There’s one more place I’ve encountered this idea of an interdependent “gift economy” before: in Charles Eisenstein’s Sacred Economics. Eisenstein is branded as an “alternative economist” and published the book for free in 2011 about why interdependence might just be a solution to all the ills of the modern global economy. He proposes a suite of currency reforms all intended to incentivize people into sharing their possessions and “investing” in each other more, with the end goals of preserving natural resources, reducing income inequality, and giving rise to “the more beautiful world that our hearts know is possible.” At the time I was torn between adoring his ideas for the unconventionally market-based approach to solving problems which are so often lamented, and damning my own ignorance of conventional economics which left me unable to evaluate whether his propositions were valid. Seeing Maranz’s thoughts both positive and negative on a comparable system which is already in action has made me all the more skeptical.
Let’s not kid ourselves; this is some intense shit we’re bumping up against. Some Gulag Archipelago, capitalism vs. communism, Berlin Wall, Neomarxism shit. How to draw the line between private and public property might be the single most important question being asked of modern day civilization. Maranz’s only recognition of this comes in the final pages, when he writes, “Those who have more, share with those who have less. Those who have less expect to receive material and financial benefits from those who have more. The rules of society constrain both the haves and the have-nots. This is not utopia or true communism, but a system that has been worked out over hundreds of years of difficult existence.” It’s a question that I’m not qualified at all to comment on, but have planned a lot of my reading in the near future around. So, Dear Reader, be on the lookout for that.
For now, let’s bring it back to reality. The immediate question I have to ask myself is how do I want to fit into the network of interdependence, seeing as I have far more resources at my disposal than most people around me but no desire to build up the reputation of a “Big Man”? Two main takeaways have stuck: First, I gotta defer to the wisdom and good guidance of my Ugandan co-workers and friends. Not doing so was the one western response Maranz singularly lambasted, as it results in occasionally being duped and giving to people of poor reputation who drag the whole system down. Second, having this information is critical in allowing for a more enlightened perspective when confronted with the frequency of requests which surround any expat in Africa. Already I’ve had friendly neighbors ask “So can I come live at that nice house of yours?” or even “I was hoping you would pay for my school tuition.” Not knowing what’s going on behind those requests leaves you feeling shitty and embarrassed for everyone in a way that is incompatible with an informed perspective.
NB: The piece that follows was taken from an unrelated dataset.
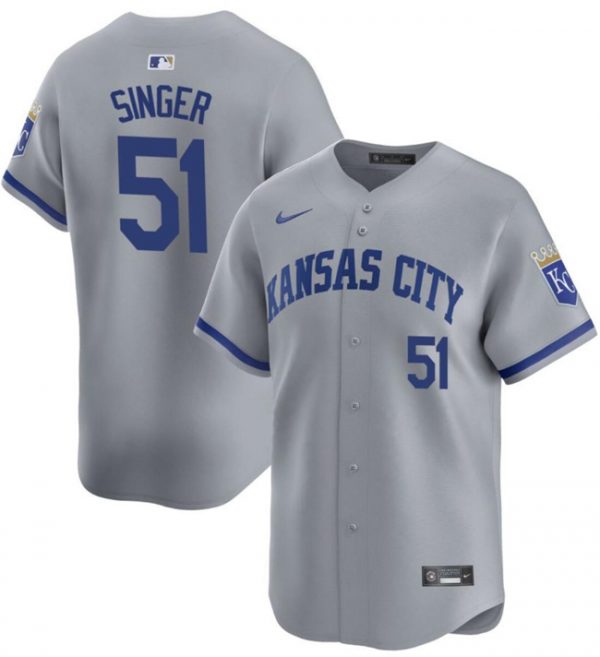 Men Kansas City Royals #51 Brady Singer Grey Away Limited Stitched Baseball Jersey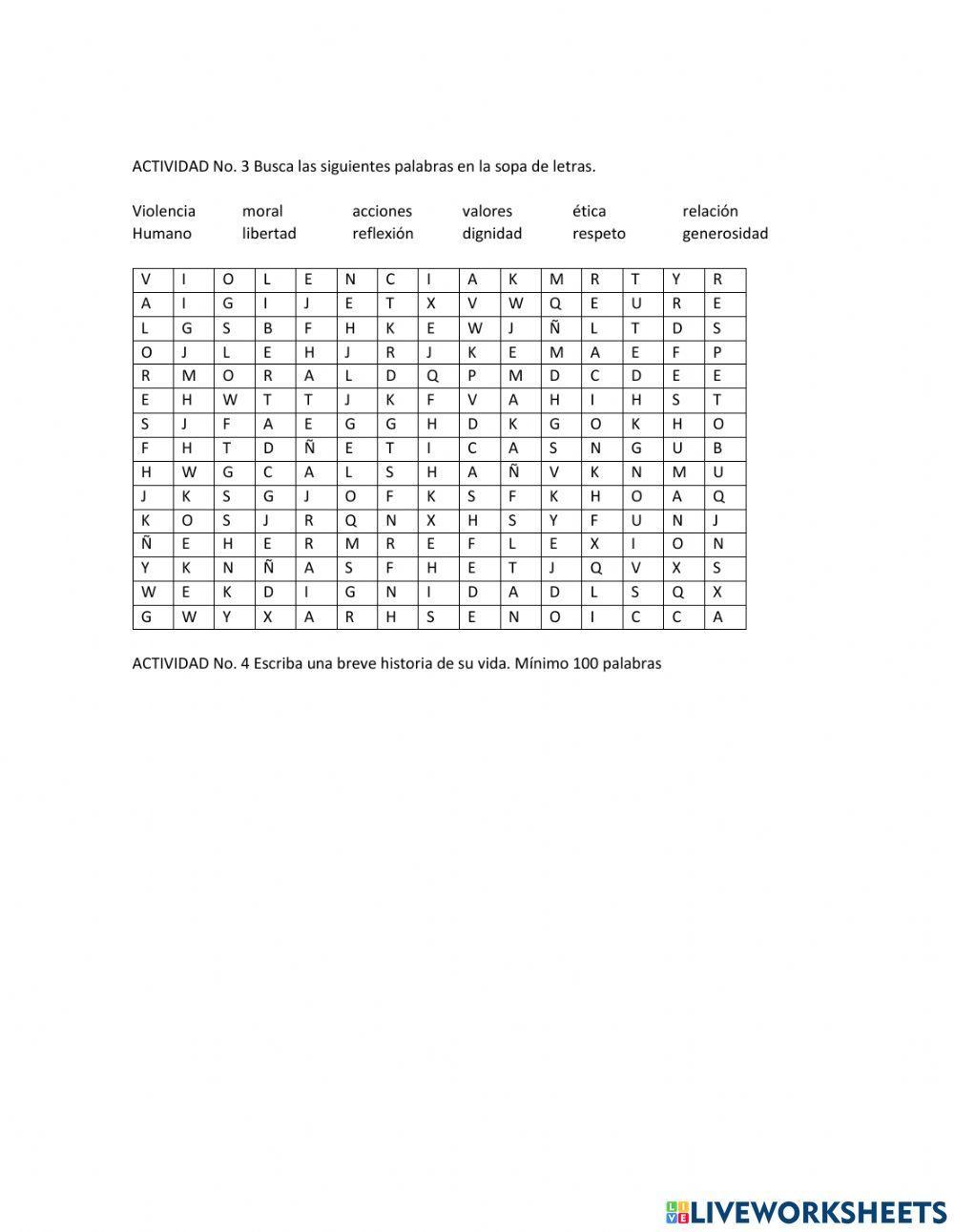 Etica hoja de trabajo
Now, Maranz didn’t have to explain the basis of that perspective an estimated dozen times like he did, but still I am grateful to him for helping me leapfrog my ignorance. To whomever at KFSP decided that new recruits should be expected to read the book, a reluctant thank you, and good call. But a disclaimer regarding not taking his word as gospel and recognizing the frustration that some of the local staff have towards the book would go a long way.